Article

Fuchs’ dystrophy can be managed in patients with cataract

Fuchs' dystrophy with cataract can be treated surgically in a number of ways. Descemet's stripping endothelial keratoplasty (DSEK) offers a tremendous advance in the treatment, said Jonathan Rubenstein, MD, professor of ophthalmology, Rush University Medical Center, Chicago.

Fuchs’ dystrophy with cataract can be treated surgically in a number of ways. Descemet’s stripping endothelial keratoplasty (DSEK) offers a tremendous advance in the treatment, said Jonathan Rubenstein, MD, professor of ophthalmology, Rush University Medical Center, Chicago.

Fuchs’ dystrophy is a bilateral, non-inflammatory, progressive loss of endothelium that results in reduced vision and is a leading cause of endothelial dysfunction.

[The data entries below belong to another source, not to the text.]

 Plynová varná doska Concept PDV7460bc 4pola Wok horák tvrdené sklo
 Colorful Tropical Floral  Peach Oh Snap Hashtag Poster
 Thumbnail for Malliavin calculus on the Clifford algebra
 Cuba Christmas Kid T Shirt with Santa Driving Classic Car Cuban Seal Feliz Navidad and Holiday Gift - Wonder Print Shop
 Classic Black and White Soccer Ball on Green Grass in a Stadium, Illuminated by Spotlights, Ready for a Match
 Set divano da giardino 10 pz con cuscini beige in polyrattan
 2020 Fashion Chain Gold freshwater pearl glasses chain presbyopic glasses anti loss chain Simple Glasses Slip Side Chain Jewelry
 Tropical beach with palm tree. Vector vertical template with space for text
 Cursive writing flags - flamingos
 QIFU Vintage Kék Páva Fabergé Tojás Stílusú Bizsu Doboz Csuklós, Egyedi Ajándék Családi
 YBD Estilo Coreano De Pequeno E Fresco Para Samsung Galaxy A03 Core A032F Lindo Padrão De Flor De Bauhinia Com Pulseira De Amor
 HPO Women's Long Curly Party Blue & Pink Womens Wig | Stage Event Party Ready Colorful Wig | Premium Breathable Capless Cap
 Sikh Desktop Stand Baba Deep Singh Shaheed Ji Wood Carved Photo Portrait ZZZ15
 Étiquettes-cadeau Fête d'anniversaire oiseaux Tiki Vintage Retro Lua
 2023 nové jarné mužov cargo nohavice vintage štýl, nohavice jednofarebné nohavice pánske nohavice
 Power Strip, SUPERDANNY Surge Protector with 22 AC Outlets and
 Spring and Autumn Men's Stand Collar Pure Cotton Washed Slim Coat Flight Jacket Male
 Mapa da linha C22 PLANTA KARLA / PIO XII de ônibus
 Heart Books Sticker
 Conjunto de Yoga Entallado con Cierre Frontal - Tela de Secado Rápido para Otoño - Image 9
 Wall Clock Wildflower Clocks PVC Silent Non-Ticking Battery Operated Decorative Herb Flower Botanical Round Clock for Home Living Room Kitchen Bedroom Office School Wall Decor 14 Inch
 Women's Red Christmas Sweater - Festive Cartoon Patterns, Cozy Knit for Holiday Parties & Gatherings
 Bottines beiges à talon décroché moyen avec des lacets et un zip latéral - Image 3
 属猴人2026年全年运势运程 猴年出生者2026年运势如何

One important sign of Fuchs’ dystrophy is guttata that first appears centrally and eventually has a beaten metal appearance. Decreased endothelial cell count, corneal edema, Descemet’s folds, cataract, and glaucoma are other signs. Patients present with early morning blurring of visual acuity from corneal edema, disrupted quality of vision secondary to guttata and, eventually, continuous blurred vision, glare, and halos. Pain and foreign body sensation and worse visual acuity from epithelial edema are seen later. Visual acuity also can decrease from concomitant cataract and glaucoma.

Treatment is needed when there is loss of visual acuity or corneal pain. Type of treatment depends on the degree of endothelial dysfunction. Type of surgery depends on the assessment of visual impairment from the cornea versus cataract. Surgeons must decide between performing cataract surgery only, corneal surgery (penetrating keratoplasty [PK] or DSEK) only, combined PK/phaco/posterior chamber lens, or combined DSEK/phaco/posterior chamber lens.

DSEK involves lamellar transplantation of a thin piece of posterior corneal stroma with Descemet’s membrane and healthy endothelium. Advantages are that DSEK is performed through a small incision and the procedure preserves the ocular surface and minimizes stress to the corneal stem cells. Also, there is minimal induced astigmatism and no prolonged period of suture removal or corneal suture-related complications, he said.

In addition, there is no significant change in spherical equivalent power of the cornea. Finally, DSEK facilitates quicker recovery of the visual acuity; 20/40 visual acuity is possible by 1 week after surgery, Dr. Rubenstein said.

DSEK is associated with a steep learning curve, the potential for more endothelial cell loss, increased primary graft failure, and dislocation of the posterior lamellar graft in 5% to 40% of cases during the first postoperative week. DSEK may require a second procedure that involves rebubbling of the graft and replacement of the posterior lenticule. Best-corrected visual acuity is limited by the lamellar interface, with most cases reaching 20/25 to 20/30.